INSTRUCTIONS FOR THE TASK: Copy the data below exactly. Any pictures in it should be omitted.

::::::::

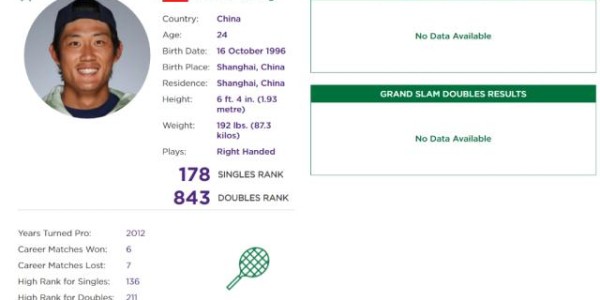 开云体育首页-张之臻温网启示：走出去才能成为精彩世界的一部分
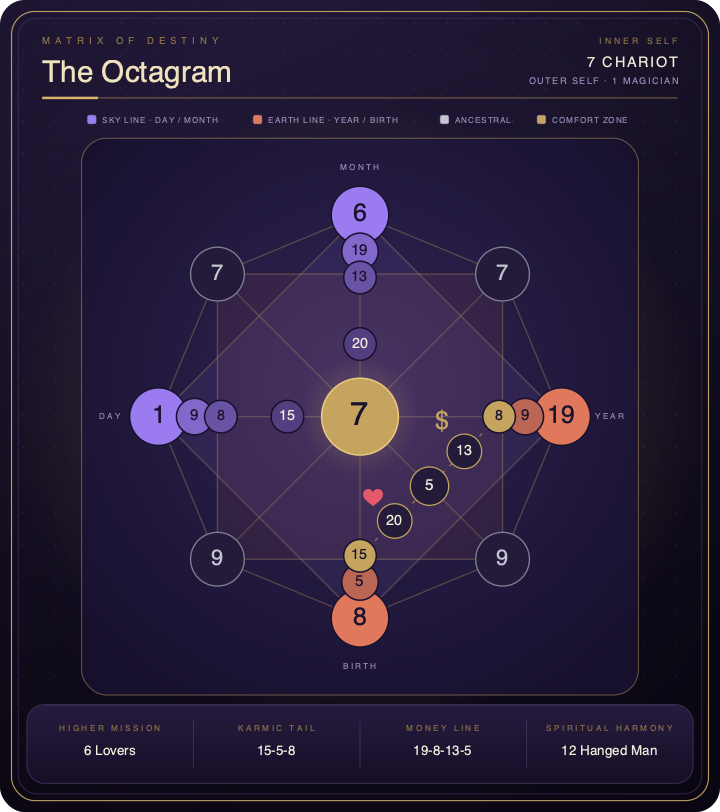 A computed Matrix of Destiny octagram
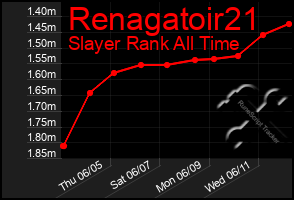 Total Graph of Renagatoir21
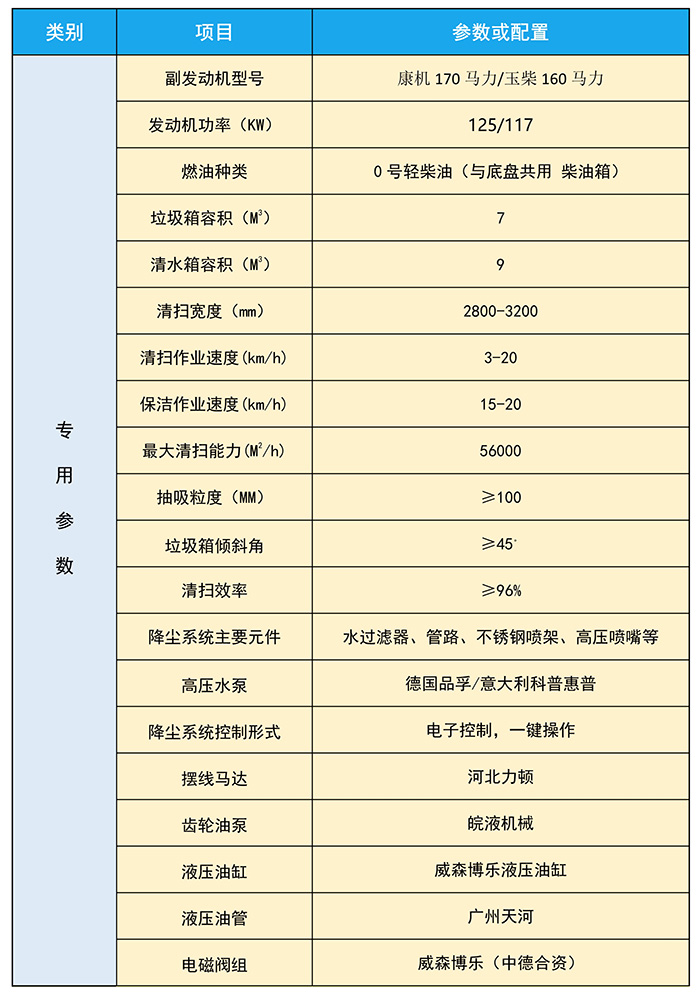 重汽豪沃洗掃_jpg_7.jpg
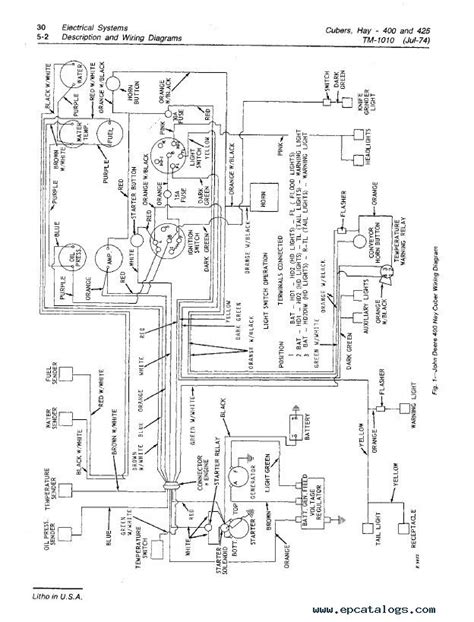 John Deere 400 & 425 Hay Cubers TM1010 Technical Manual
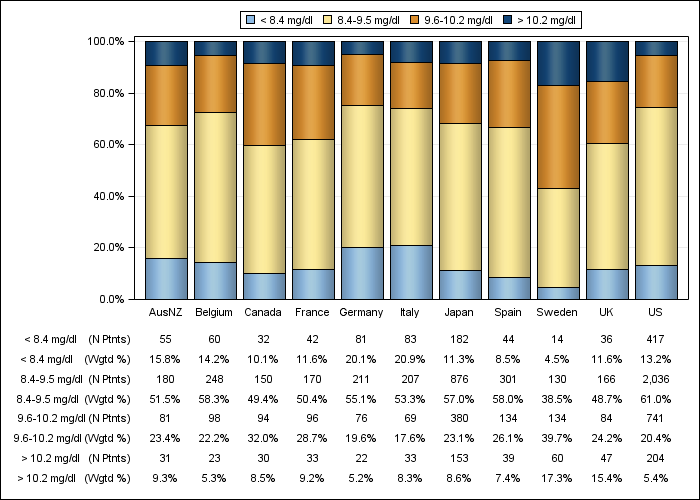 DOPPS 4 (2010) Albumin-corrected serum calcium (categories), by country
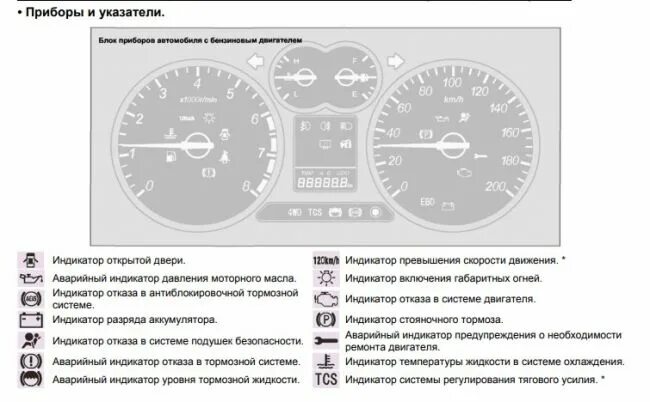 Ховер н5 горит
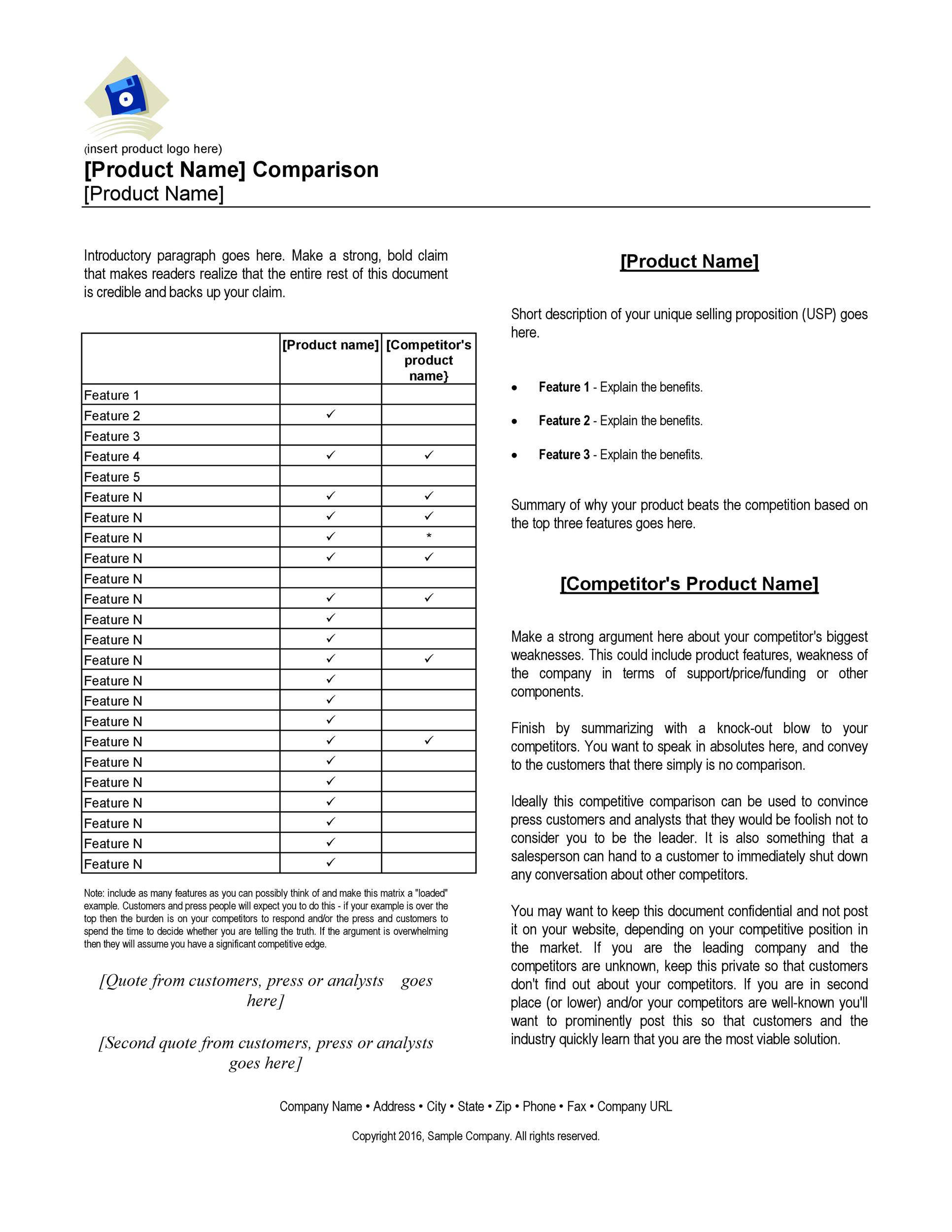 Free Competitive analysis template 20
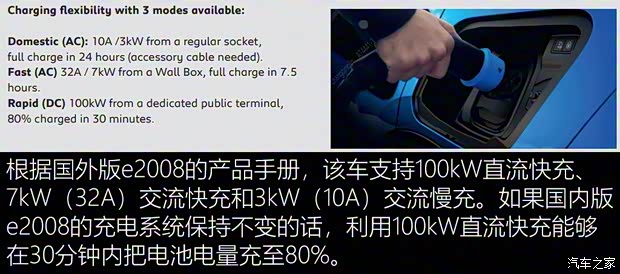 東風(fēng)標(biāo)致 標(biāo)致e2008 2020款 基本型
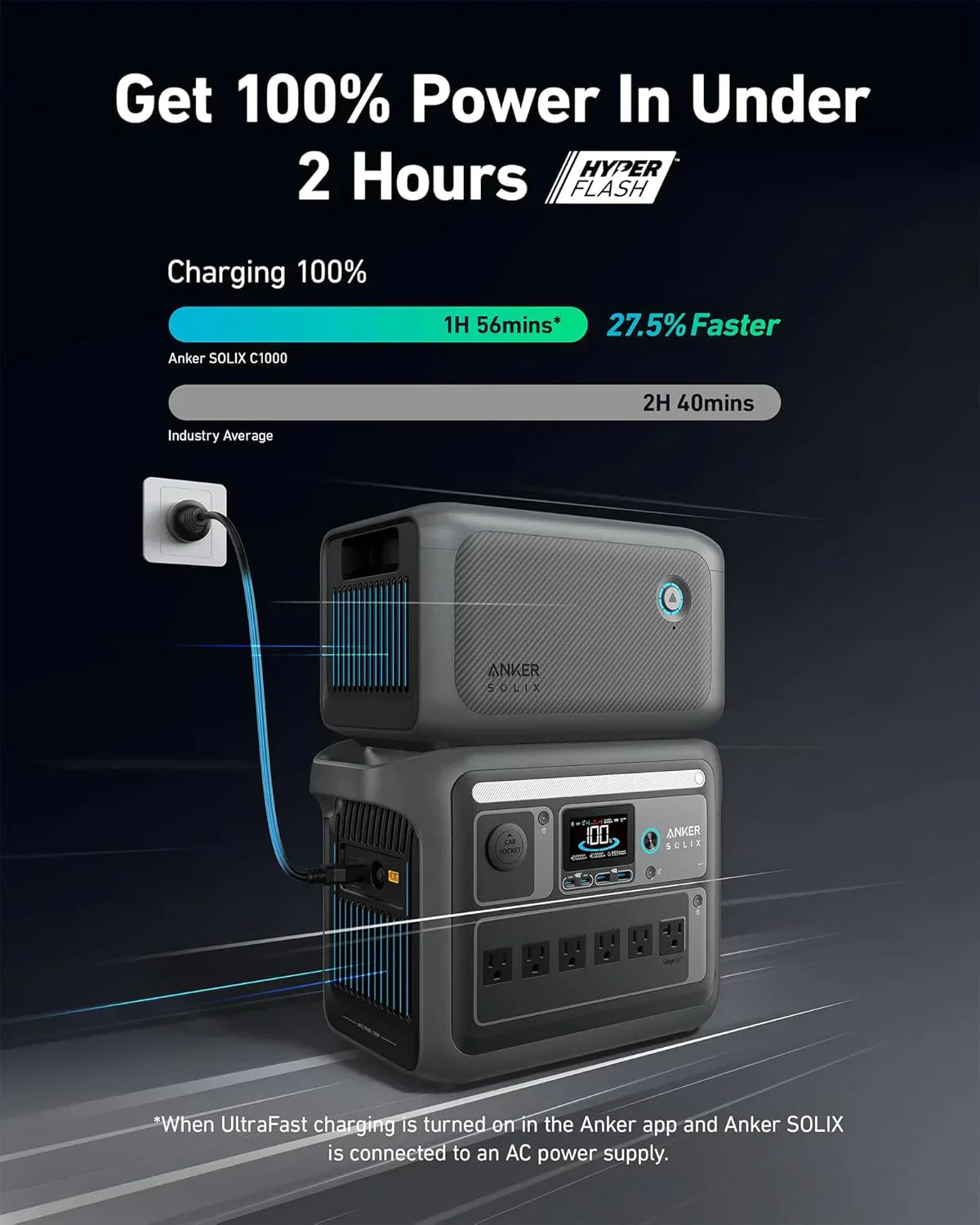 Portable Power Station 1800W (2400W Peak) Solar Generator 58 Minutes to Fully Charge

::::::::

WRITTEN RESPONSE:
 开云体育首页-张之臻温网启示：走出去才能成为精彩世界的一部分
 A computed Matrix of Destiny octagram
 Total Graph of Renagatoir21
 重汽豪沃洗掃_jpg_7.jpg
 John Deere 400 & 425 Hay Cubers TM1010 Technical Manual
 DOPPS 4 (2010) Albumin-corrected serum calcium (categories), by country
 Ховер н5 горит
 Free Competitive analysis template 20
 東風(fēng)標(biāo)致 標(biāo)致e2008 2020款 基本型
 Portable Power Station 1800W (2400W Peak) Solar Generator 58 Minutes to Fully Charge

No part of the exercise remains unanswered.